(Originally published here on June 7, 2022 in the South China Morning Post.)
American exceptionalism has been on full display in the past few weeks owing to an uptick in mass murders committed with assault weapons.
This national pastime – now arguably more ingrained in the country’s culture than baseball and July 4 barbecues – is so horrifically compelling not only for the way it tends to target schoolchildren and racial minorities, but also for the pathetic political battles that ensue, prolonging the spectacle and giving the country’s critics much to roll their eyes at.
It should be no surprise that the Chinese government has tapped this vein, given the condemnation it faces for any number of its hard-line domestic policies, including mass incarceration of Uygurs and other religious minorities in Xinjiang for vocational training or cultural genocide, depending on whose version you believe.
“The gunshots shattered the American dream that all men are endowed with the unalienable rights to life and liberty, and lead people to reflect on the US-style human rights,” Chinese foreign ministry spokesman Wang Wenbin said at a regular briefing in April, in response to a reporter’s question about the spate of mass murders in the US.
“Do US-style human rights mean everyone has the right to pull out a gun and fire at others at will?” he asked. “Are arbitrary killings that plunge the people into horror and despair also part of the US-style human rights?”
Obviously, the answer is yes. If not, the US Congress would pass a law to curtail access to assault weapons.
Wang rattled off statistics about American bloodshed so detailed that we can only assume his ministry has an entire division devoted to it.
The Chinese government must know that whataboutism is a weak strategy, but when there’s so much evidence suggesting human rights abuses in Xinjiang that Chinese President Xi Jinping needs to tell United Nations human rights commissioner Michelle Bachelet not to give “patronising lectures”, there are few other argumentative paths to take.

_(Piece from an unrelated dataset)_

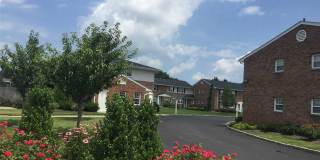 336 Kensington Lane Gallery 1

This approach also fails to acknowledge a key difference in this diplomatic stand-off: American gun violence reflects a weakness in the country’s political system that many within it are trying to fix, while repression of some minorities in China derives from top-down orders, which no one is permitted to question, as Xi clearly states.
But I digress, and this particular argument could go on forever. Let’s bring the focus back to gun violence in America because, while the problem might seem to be an entirely domestic issue, it has reached crisis proportions, which distracts the Biden administration from managing the many other crises affecting people worldwide.

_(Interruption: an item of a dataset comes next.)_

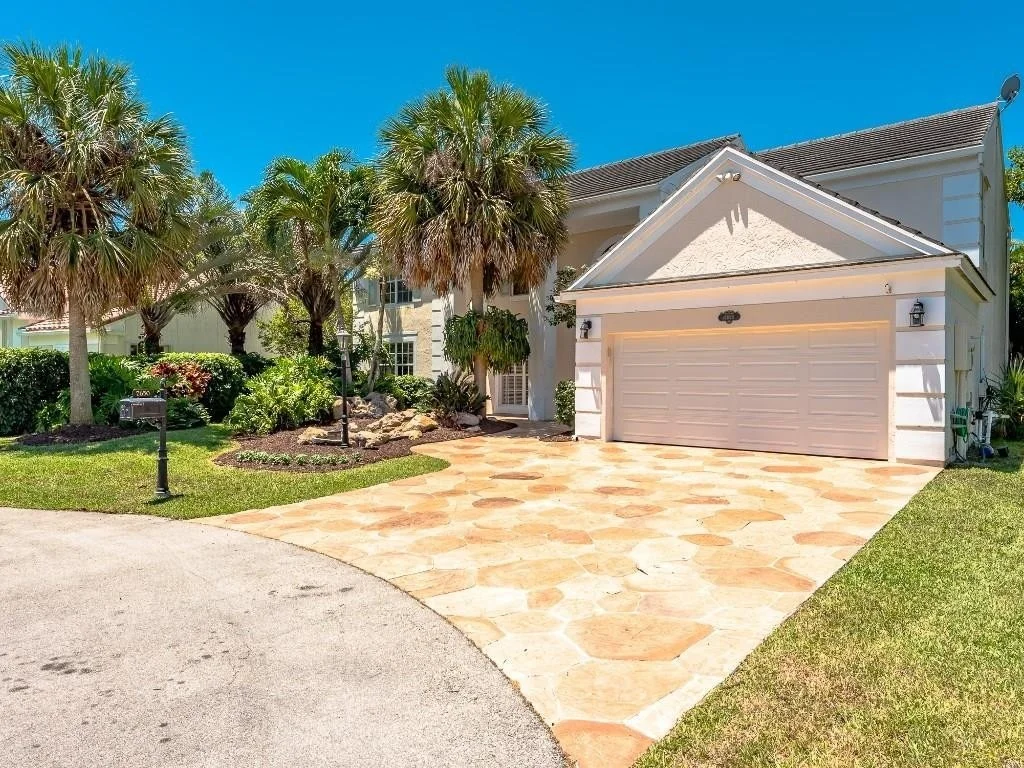 Photo of 7650 Live Oak Drive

The concentration of carbon dioxide in our atmosphere reached nearly 421 parts per million in May, a record, marking a rise of 50 per cent from pre-industrial levels, a crisis that has implications far more grave than the misery Russia is inflicting in Europe.
But, as we’ve seen throughout the decades that scientists have been warning us about the burning of fossil fuels, US politicians are only too happy to be distracted by culture wars to avoid having to solve problems that will kill far more people than those who died at the hands of demented individuals with easy access to assault weapons.
And they’re at it again. Instead of agreeing that the time has come for some measure that will create a reasonable limitation to that access, the Republican Party’s right flank is trying to turn the angst of the bloodshed in Uvalde, Texas, and Buffalo, New York, into an argument for their most unpopular positions.
Representative Billy Long, who is running for a US Senate seat in a competitive primary in Missouri, said in a stunning feat of rhetorical gymnastics that America has too many mass murders because legal abortion has devalued life.
There are plenty more examples of this line of argument about how godlessness is the prime culprit now being deployed on all available channels by lawmakers, who will ensure that American exceptionalism remains intact.